Source data:
Content starts

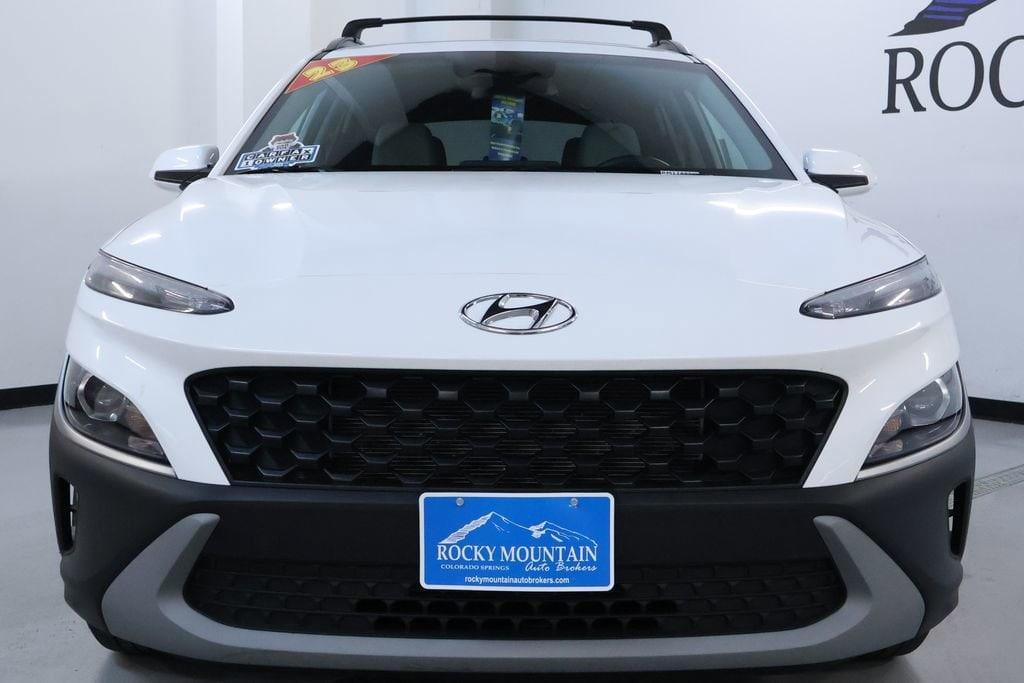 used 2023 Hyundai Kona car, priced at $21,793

Content ends
Content starts

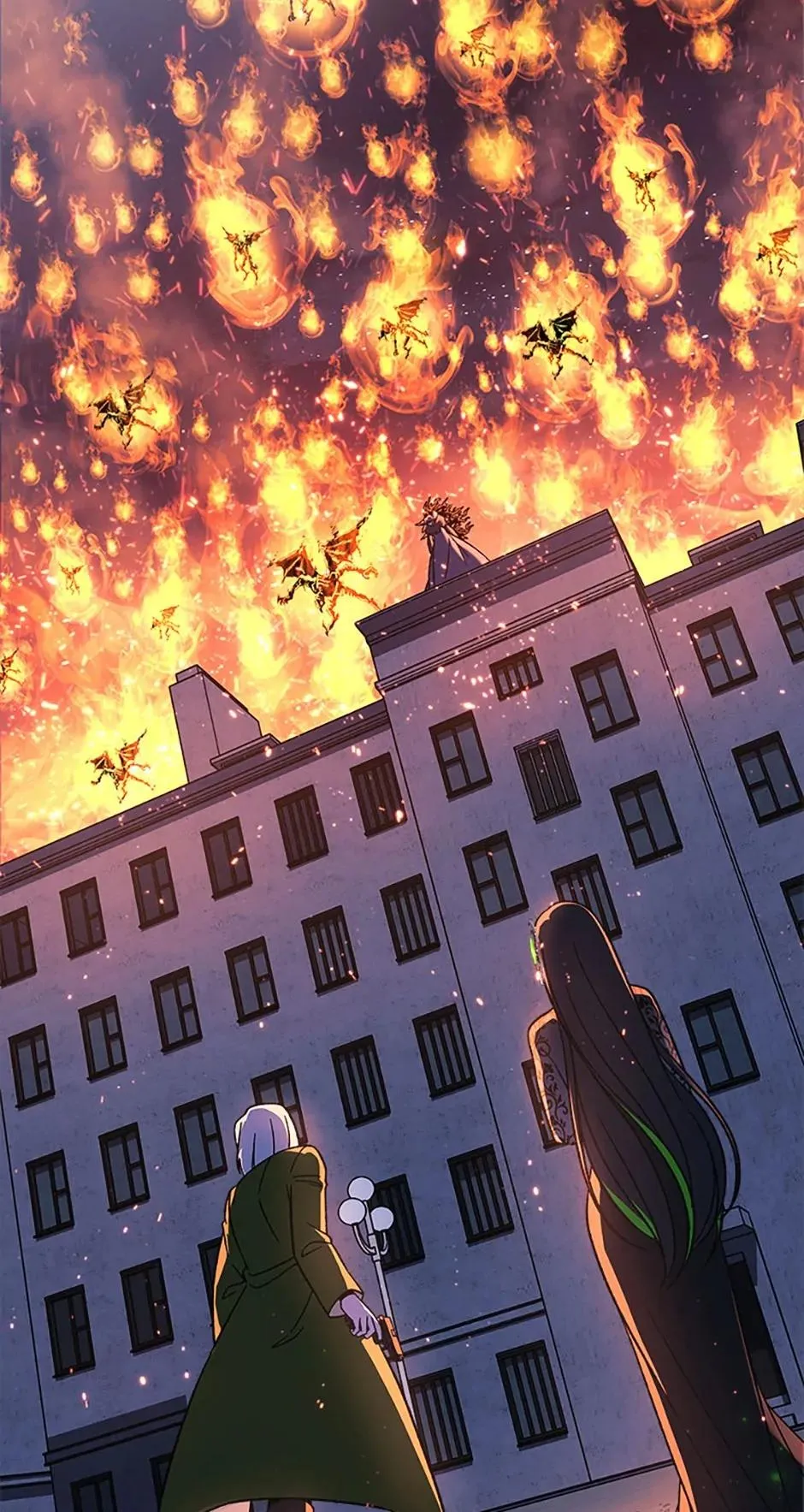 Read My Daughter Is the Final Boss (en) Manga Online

Content ends
Content starts

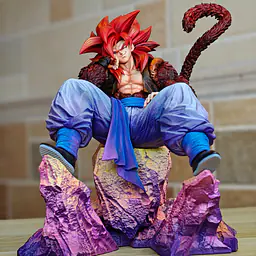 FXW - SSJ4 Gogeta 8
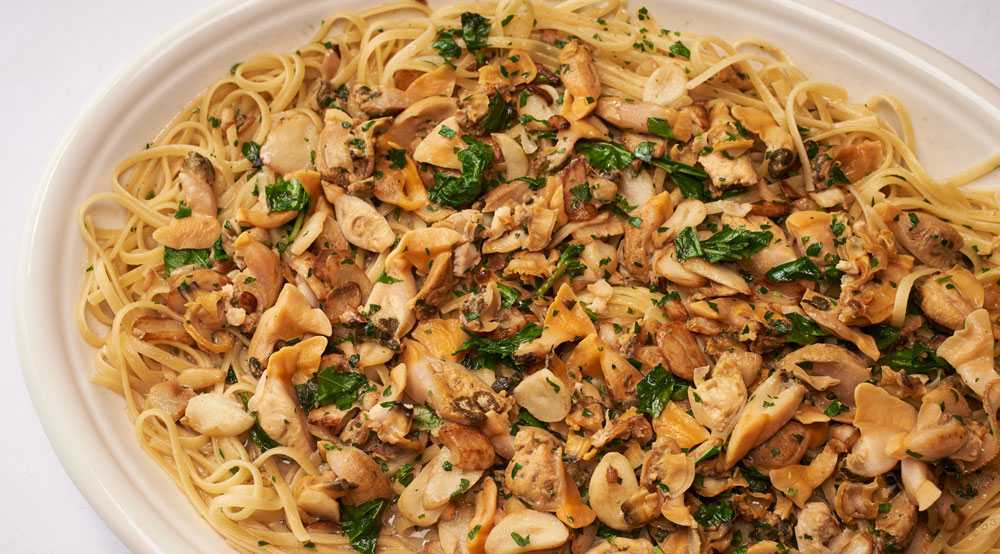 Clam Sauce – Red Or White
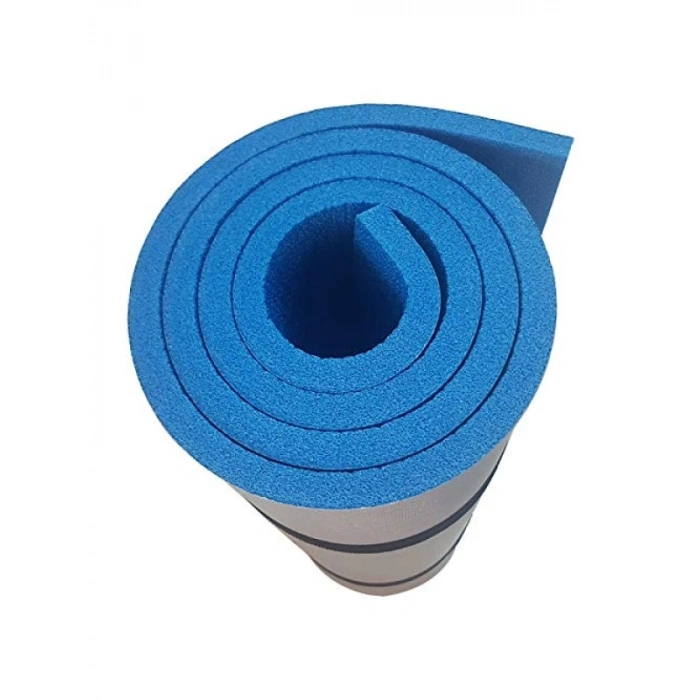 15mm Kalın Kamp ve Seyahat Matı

Content ends

Problem description: Go back to the listing above and write out the lines starting at the one with "Clam Sauce – Red Or White" and ending at the one with "15mm Kalın Kamp ve Seyahat Matı", inclusive, exactly and without pictures.

Answer below:
 Clam Sauce – Red Or White
 15mm Kalın Kamp ve Seyahat Matı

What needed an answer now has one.